====== Exercise data

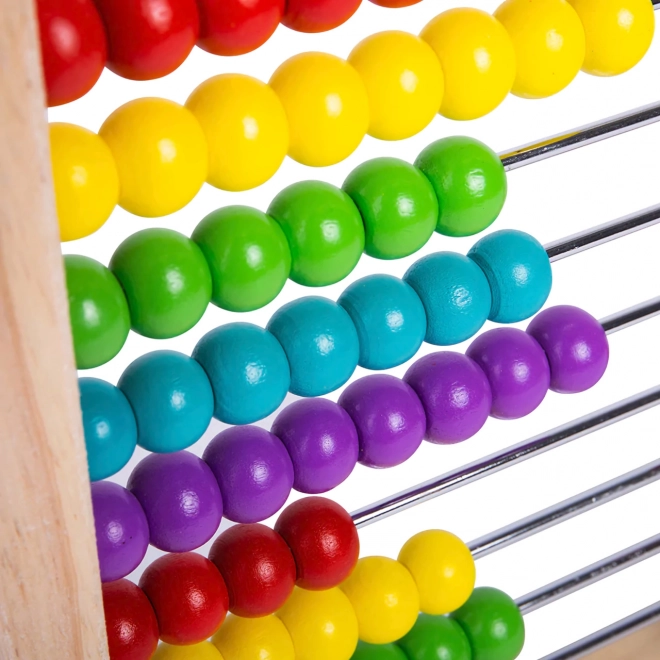 Bigjigs Toys Houten Telraam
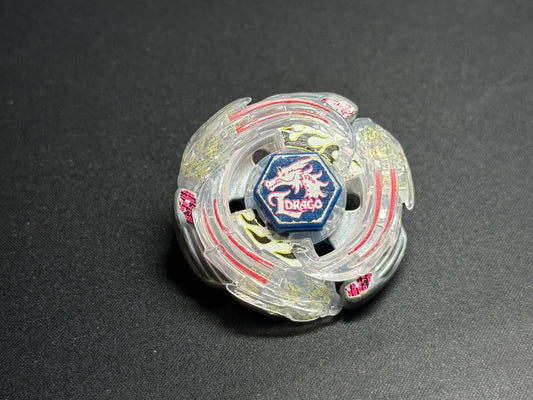 Lightning L-Drago 100HF - Takara Tomy #W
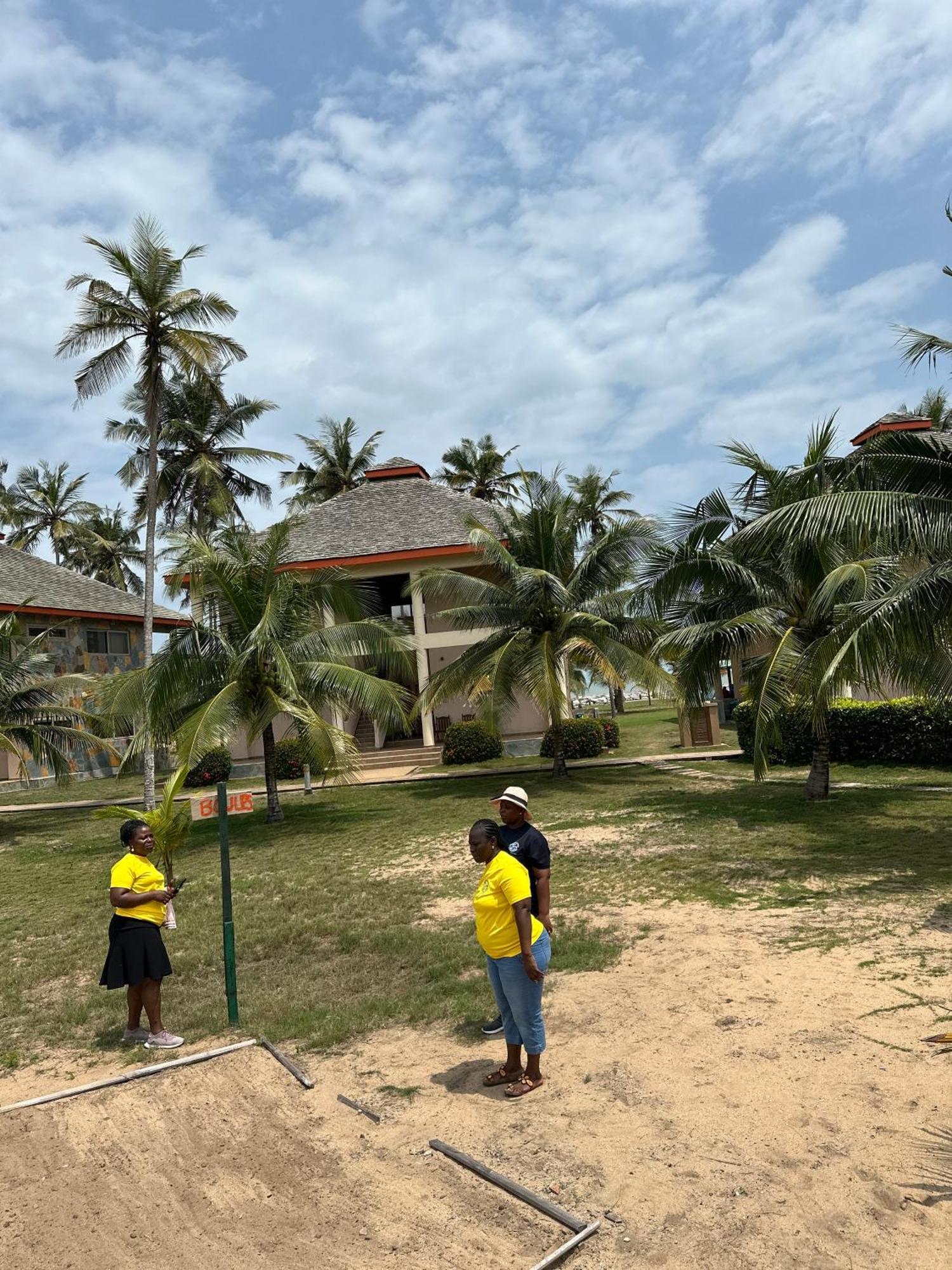 Elmina Bay Resort Eksteriør bilde
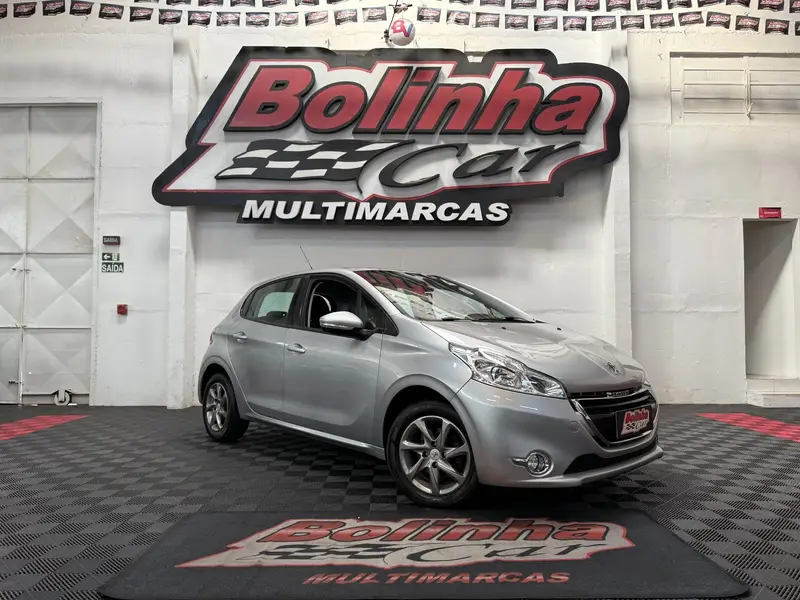 Peugeot 208 Active Pack 1.6 16V (Flex) (Aut)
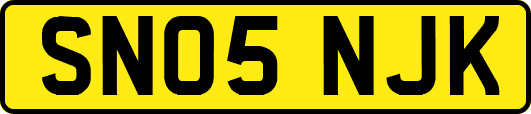 SN05NJK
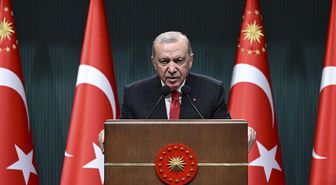 Erdoğan, İngiltere Başbakanı Burnham ve ABD Başkanı Trump ile Görüştü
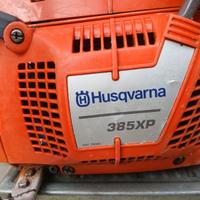 Motosega Husqvarna 385 XP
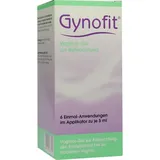 Tentan Deutschland GmbH Gynofit Vaginal Gel zur Befeuchtung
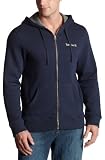 Timberland Men's Hooded Sweatshirt,Twilight Navy,X-Large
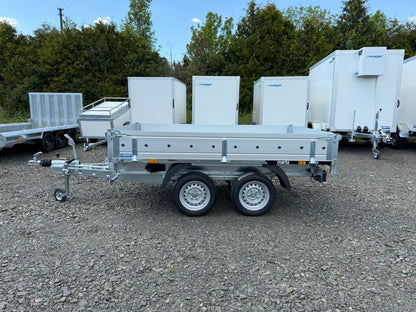 Martz Kipper 250/2 C 2,0T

============

Task requirements – Please print each entry exactly as given and keep pictures out of it.

Finished exercise –
 Bigjigs Toys Houten Telraam
 Lightning L-Drago 100HF - Takara Tomy #W
 Elmina Bay Resort Eksteriør bilde
 Peugeot 208 Active Pack 1.6 16V (Flex) (Aut)
 SN05NJK
 Erdoğan, İngiltere Başbakanı Burnham ve ABD Başkanı Trump ile Görüştü
 Motosega Husqvarna 385 XP
 Tentan Deutschland GmbH Gynofit Vaginal Gel zur Befeuchtung
 Timberland Men's Hooded Sweatshirt,Twilight Navy,X-Large
 Martz Kipper 250/2 C 2,0T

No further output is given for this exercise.